Introduction to the Episcopal Church
Session
9
Understanding
the Book of Common Prayer (BCP)
Part
5: The Sacraments: Baptism, Confirmation and Ordination
The
Book of Common Prayer is a strategy of prayer to invoke God upon the times of
our life. Sacraments are the prayers that pertain to the
crises in our life that confront us as we grow up within a community. Sacraments, like baptism, confirmation and
ordination may be a one-time rite but the rite does not exhaust the meaning of
what is being celebrated in the rites.
Our
common conceptions of these sacraments may include the following. Baptism is done with water; the Baptists a
lot of water and Catholics and Episcopalians a little water. Baptism is for our salvation to save us from
going to hell. Baptism is like a birth
ritual that all families do because that is what our parents and grandparents
want us to do to our babies.
Many
people come to the church to ask to have their babies baptized without having
any intention at all of ever bringing their children to church. It is sort of like, “just in case there is
something to all of that hocus pocus, I want to have my children covered.” What people don’t realize is that if they do
get their children baptized and respond to all of the baptismal vows and then
do not follow up with honoring the vows, they have in fact begun their children’s
life by lying to God and to themselves or they may just be ignorant about what
is involved in the meaning of baptism.
People need to know that Jesus said the kingdom of God belongs to
children and he said that about children who were not necessarily
baptized. So there should be no pressure
to get children baptized if one does not commit to baptismal living.
What
is the crisis that we live into in our baptism?
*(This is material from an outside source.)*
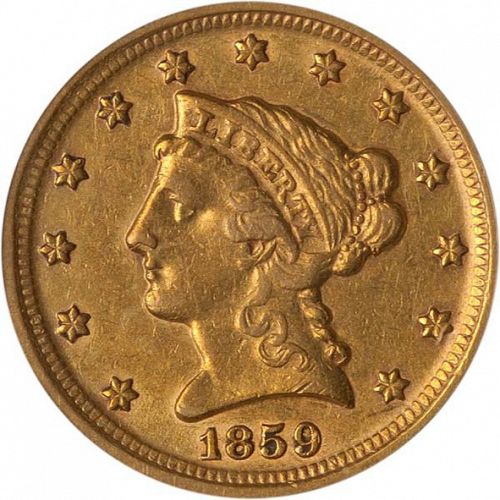 2 dollar 50 Obverse Image minted in UNITED STATES in 1859D (Coronet Head)  - The Coin Database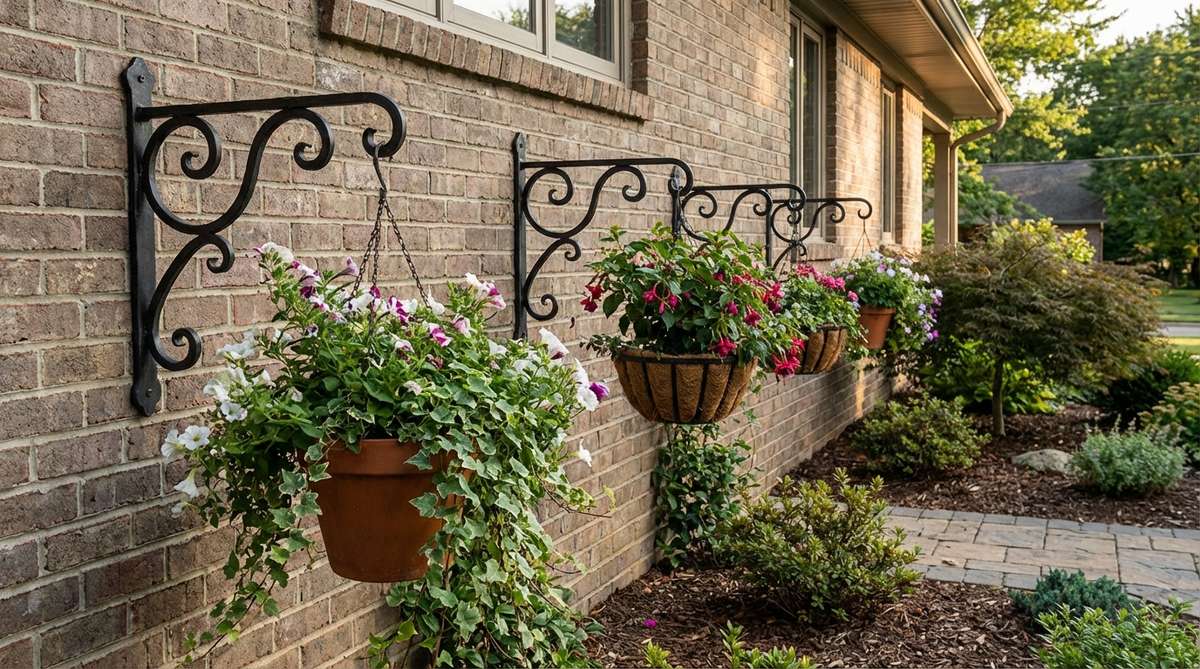 Decorative forged iron wall brackets with curved and scrolled designs, mounted on exterior walls to support hanging baskets and planters. These brackets add three-dimensional interest to flat surfaces and are suitable for creating cascading plant displays at varying heights. The dark iron silhouettes remain visible even when plants are in full bloom, functioning year-round for seasonal container changes.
The crisis involves setting the values to define and express the meaning
and worth of our lives. How do I come to
know who I am and my value? This is the
major crisis of our entire life at every age and baptism is a particular way of
determining and setting value in our lives.
For adults who are baptized (and remember that even though infant
baptism may be a more common practice, the words of the baptismal rite assume
adult maturity) they have come to discover that the value of their lives has
received significant definition because of the life, death and resurrection of
Jesus Christ as it has been received and practiced within Christian
tradition. To be baptized is to come to
understand that one is loved by God, one is forgiven by God, one is perfectible
(always able to be better through educative repentance) and that one is gifted
by God for purposeful worth and value to other people in the community.
Living
in an imperfect world with imperfect people means that we can take on
unenlightened self-value and value of others.
In baptism we commit to a willingness always to be on the path toward
more excellent values in knowing who we are and what we are to do with our
lives as it pertains to loving God, loving our neighbors and loving
ourselves. Each person is constituted by
the way in which he or she has taken on the words of their lives. Our lives get scripted by our learning
environments even as we exercise some freedom of choice for the discovery of new
values through the ways in which we take conscious steps in learning.
For
parents and adults in a community of baptized infants and children, we become
the ones who express the prevenient grace of God to the young ones whom we have
promised to mentor with the example of our lives. As adults we are to give the word framework
for our children to value their lives in the very best possible way. We want to constitute the word lives of our
children with the following values: they are loved by God, they are forgiven
even as they are encouraged to understand their perfectibility, they are gifted
for their own self care and for their value to their community. In a community that practices infant and
child baptism, the adults need to embrace their ministry to “be God’s
prevenient grace” to our children.
Prevenient grace simply means that grace and love is expressed towards
us before we ever fully understand the significance of that grace and love. With the word environment that we give to our
children we are in effect setting the context for how they come to understand
their value. And this is real and active
grace.
In
the next sessions, we are going to look at baptism, confirmation and
ordination. Confirmation historically
became a maturation rite when infant baptism became the prevalent
practice. Baptism involves the
proclamation of the gifts of the baptized.
Gifts pertained to our value to our community and so ultimately
baptismal grace is articulated in what we do in our lives because of our
gifts. This will be the tie in that we
will make with confirmation and ordination.
Exercise:
Ponder the meanings of baptism in your
experience and in the experience of the culture in which you have lived. How have you understood baptism? Reflect upon different baptismal practices. Jewish proselyte baptism. The baptism of John the Baptist. Why did Jesus get baptized by John the
Baptist, if his baptism was a baptism for the remission of sins? Is there infant baptism in the New Testament
writings? Who were the Anabaptists? Why do some churches require that you get
re-baptized as an adult? What is the
relationship between salvation and baptism?
Why do some churches say that baptism is not related to salvation, only
a public witness after one has been “saved or asked Jesus into one’s heart?”
Don’t be afraid of doubt or questions.
Don’t be afraid of doubt or questions.